If the first Machete was the illegitimate love-child of a fake trailer carrying a surprisingly sincere and strong message about immigration from the side of the immigrants, then Machete Kills is its crazed half-brother wandering from town to town never really achieving anything but having a blast in the process.

In a way this outing has unwittingly (or wittingly… who knows) become a prime example of the sort of so-bad-it’s-good movie experience that the whole Grindhouse “event” was meant to be paying homage to {but not actually being}. Machete 1 played it relatively straight (wherein lay most of its humour). however Machete Kills absolutely does not in any way shape or form. And that’s not such a good thing.

Worryingly, the film borders on (and perhaps even crosses over into) Austin Powers/Hot Shots territory on too many occasions and sanitises much of the sexual content that was dealt with so gratuitously in Machete 1. There are no nude women pulling mobile phones out of their vaginas or incestuous mother/daughter poolside romps here. In fact, apart from the odd swear word and suspiciously heightened cartoonish blood and guts, you could almost mistake this for a rejected Spy Kids outing (none of which I’ve seen, but I get the funny feeling I'm watching something similar).

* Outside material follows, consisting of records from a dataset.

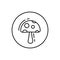 Mushroom, vegan icon. Simple line, outline vector elements of vegetarian icons for ui and ux, website or mobile application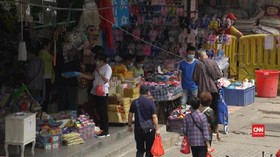 VIDEO: Pasar di Wuhan Kembali Buka, Pembeli Masih Sepi
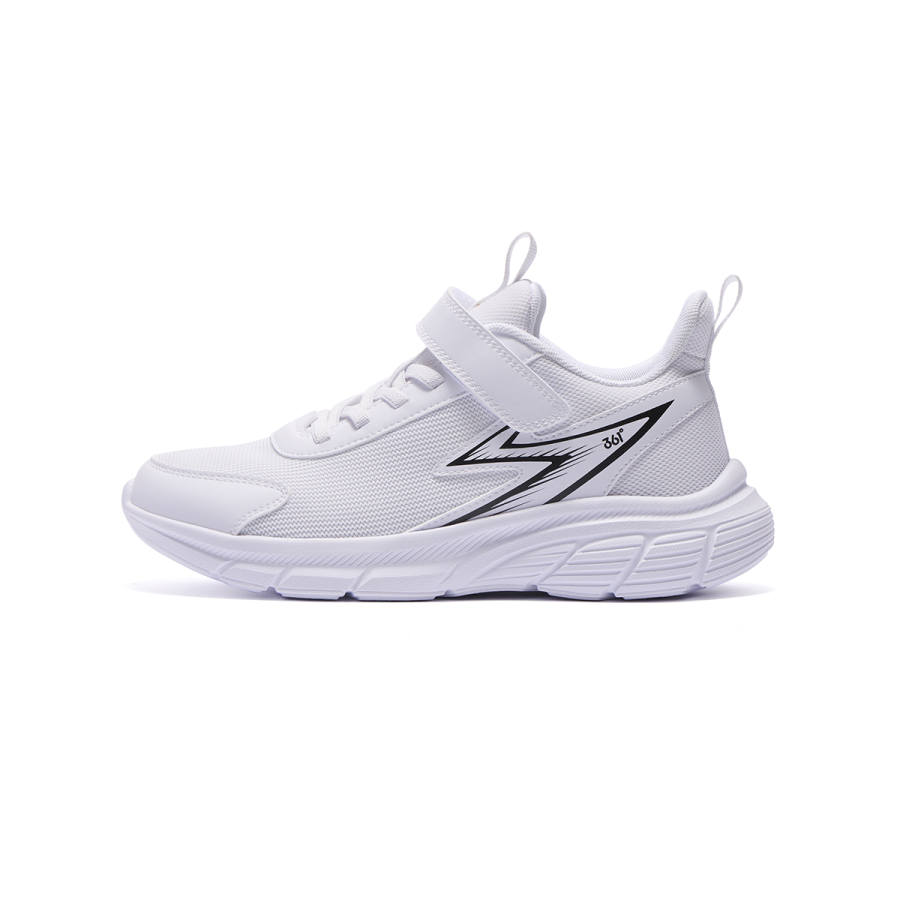 361°KIDS Synthetic Leather, Textile Low top Running Shoes 361 Degrees White/Carbon Black Teenagers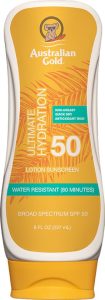 Australian Gold Zonnebrandlotion SPF50 Zonder bronzer 237 ml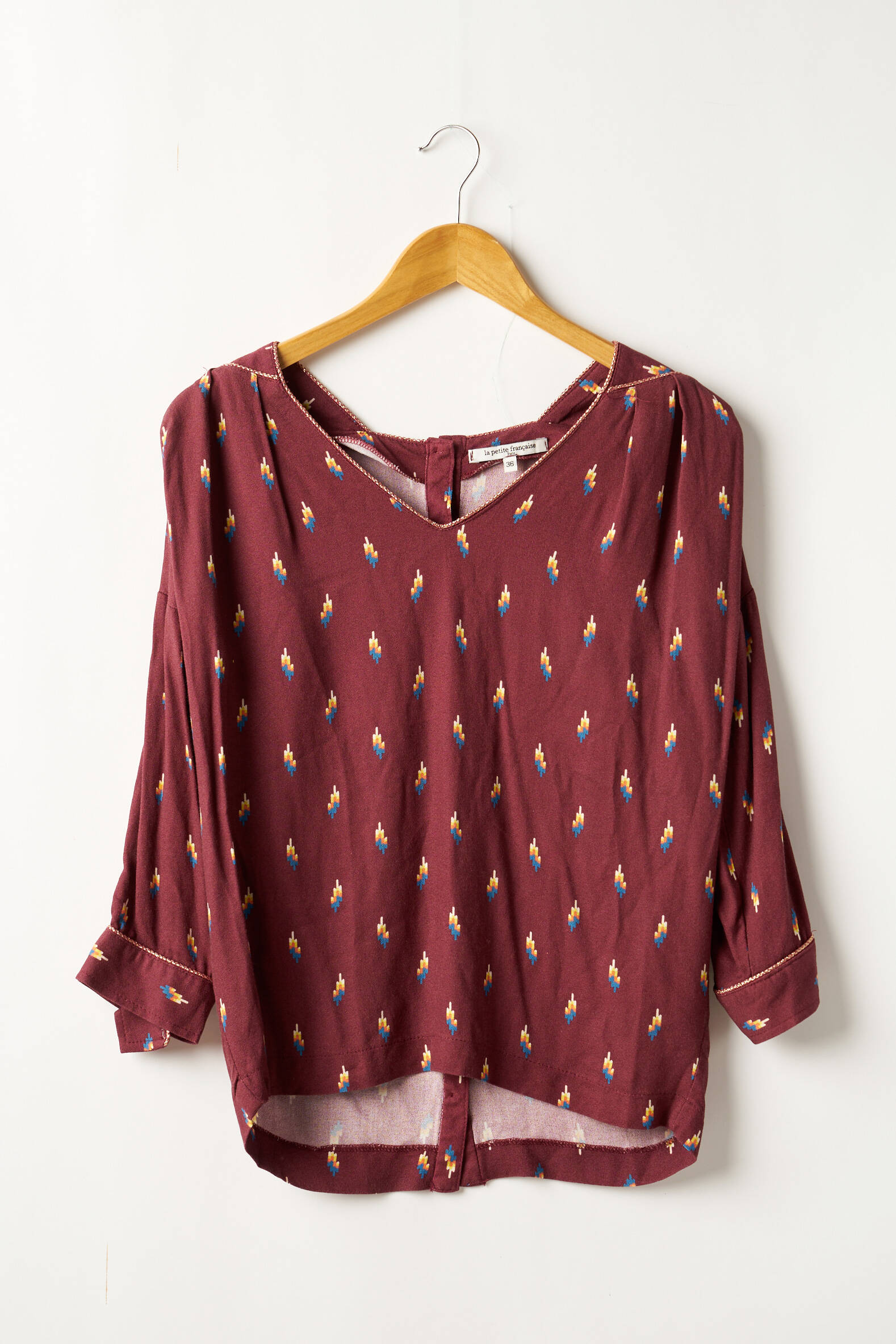La Petite Francaise Blouses Femme couleur rouge
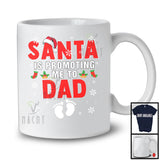 Santa Is Promoting Me To Dad; Cheerful Christmas Pregnancy Announcement Santa; Snow Family T-Shirt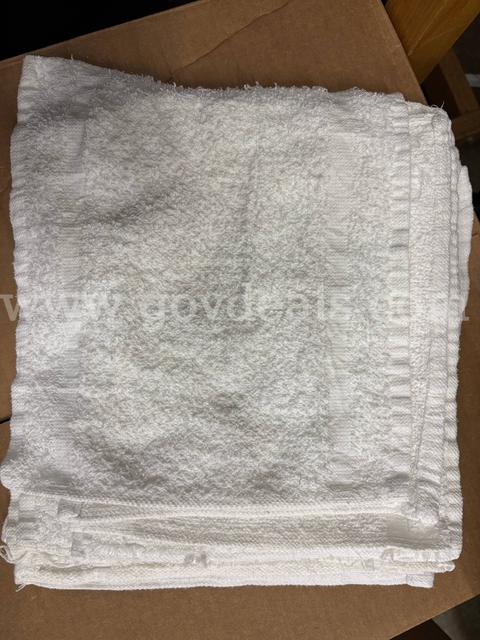 50 Dozen (600 Rags) 12x12 Terry Cloth Rags - Bleached/Sanitized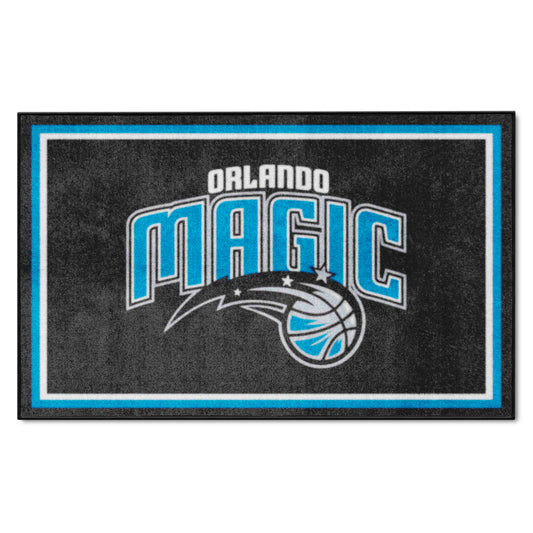 Orlando Magic 4ft. x 6ft. Plush Area Rug - Orlando Magic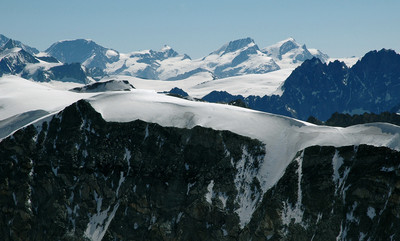 La Serpentine et les 4000 de Saas Fee : Alphubel, Allalinhorn, Rimpfischhorn, Strahlhorn, par omα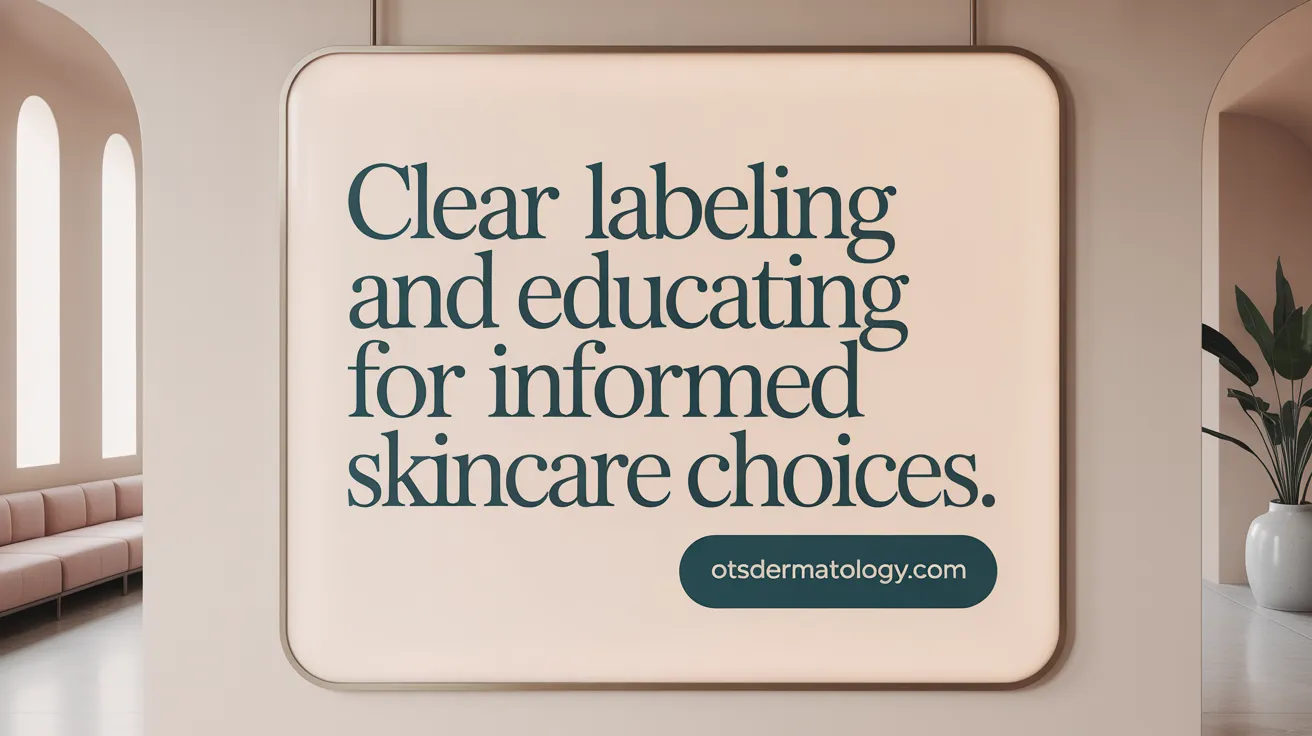 Clear Labeling and Education for Informed Skincare Choices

It’s quite short at 103 minutes (compared to a Michael Bay or Gore Verbinski snooze-fest) but feels longer, to the point where I actually had to check the back of the DVD box at one stage to see how long I had to wait until I could go to bed. Which is a sad state of affairs.

This film tests your loyalty but also rewards it. It seems to be trying so hard to make you hate it, but you can’t because all the things that made you love Machete 1 are still here (albeit embarrassingly sanitised): the blood, the babes, the bazookas and the babes. But unnecessarily thrown into the mix are protracted scenes of exposition and flashbacks spliced with convoluted and recurring plot strands and characters that don’t add anything to the experience.

We don’t need to know, we don’t want to know and, most importantly, we don’t have time to know.

There’s a bomb to defuse. Or something.

Get on with it, indeed.

Danny Trejo's limitations as an actor are woefully revealed by a script that simply gives him far too much to say. He's more effective as the strong, silent type, especially with that beautifully grizzled face that says more than ten pages of dialogue ever could. Bizarrely, his character has become somewhat cowardly since we last met him, but like the secret formula to most television sitcoms, it’s not the title character that’s interesting, it’s the entourage of weirdos they just can’t seem to shake off and who inadvertently end up taking over the whole show. I think the official Hollywood term for this is “Cybill-itis”. But this time around the roll-call of has-beens isn’t quite so interesting and neither are the newcomers (Carlos Estévez is no Charlie Sheen). Dissociative identity disorder-suffering bad guy/good guy/naïve pawn Marcos Mendez played by Demián Bichir is embarrassingly irritating (was he meant to be? I hope not) and you can’t help but feel sorry for Mel Gibson for stooping to this level; he’s not in this to be ironic like Robert De Niro (although De Niro does seem to be putting his career into a nose dive on purpose just to annoy everyone) – he actually NEEDS the work now.

I still like Mel, though.

Who can hate that face?

Oh yeah... everyone.

So, gone is the where-do-I-know-them-from sideshow novelty aspect, effective political satire/activism and shocking level of sex and violence of the first film, and arrived has the watered-down, confused, silly shenanigans that we were all sort of expecting in the first place but didn’t realise we didn’t want or need.

I think you can call this a mixed review.

I just hope that Machete Kills Again… In Space turns out to be less bad-Bond-film and ALL MACHETE.